The next_picture function consumes the current picture and uses a chain of if, elif, and else statements to update the emoji based on the current emoji’s name. Remember, these conditional statements are “mutually exclusive” to each other - the first one that is triggered (has a True condition) means the rest are skipped. We’ve left the string values to compare against the current picture name AND the string values to use as the argument for set_emoji_name to be blanks ("___"), since the choice of which emojis to use is up to you.

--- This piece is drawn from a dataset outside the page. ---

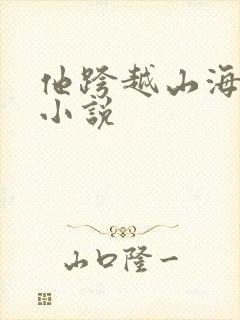 他跨越山海而来小说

Problem 5.a: Fill in the blanks of the next_picture function so that the Emoji advances through three different pictures. You can choose which pictures to use. Let’s think carefully about an example of the logic: Let us say that if the current picture is "Dog Face", then the next picture should be "Cat Face". Then the if statement should ask whether the current picture is "Dog Face" and if so then its body should call set_emoji_name with "Cat Face". Then the elif checks if the current emoji is "Cat Face", and if so changes it to something else. The final else condition should always set the Emoji back to the original one (in this case "Dog Face").

Once you have the logic figured out, you should be able to press the right arrow key to cycle through all the emojis you’ve selected. But what if we want to also cycle backwards?

Problem 5.b: Define a new function previous_picture that performs the inverse of the next_picture function. Like the other function, the previous_picture function should consume a picture and produce nothing, instead calling the set_emoji_name function. The logic should be reversed. Call the previous_picture function correctly inside of the change_picture function IF the player types the "left" arrow key.

6. Varying Growth Rates

We are almost done, we just have one more feature to add. Since we have different emojis, we will make them grow at different rates, essentially having different difficulty levels.

Problem 6: Define a new function named get_growth_rate that consumes a picture and produces a float value indicating how much that emoji should grow in one step. Then, call that function in your existing grow_picture function so that the picture grows at the varying rate instead of the constant rate.

7. Going Beyond

At this point, you have achieved all of the features you need for your game! Show it to someone else and see what they think! Here are some other ways to extend the game.

• If you’re not happy with your game having no way to win, you are free to add another condition to check_picture that determines if the Emoji has shrunk down small enough, and then end the game the same way.

• Change the background image (set_window_image(path)) and window size (set_window_size(width, height)) to be something more thematically appropriate to your game.

• Look up the randint function, which allows you to make random integers. Use this function to have the emoji move around the screen at random times and to random positions.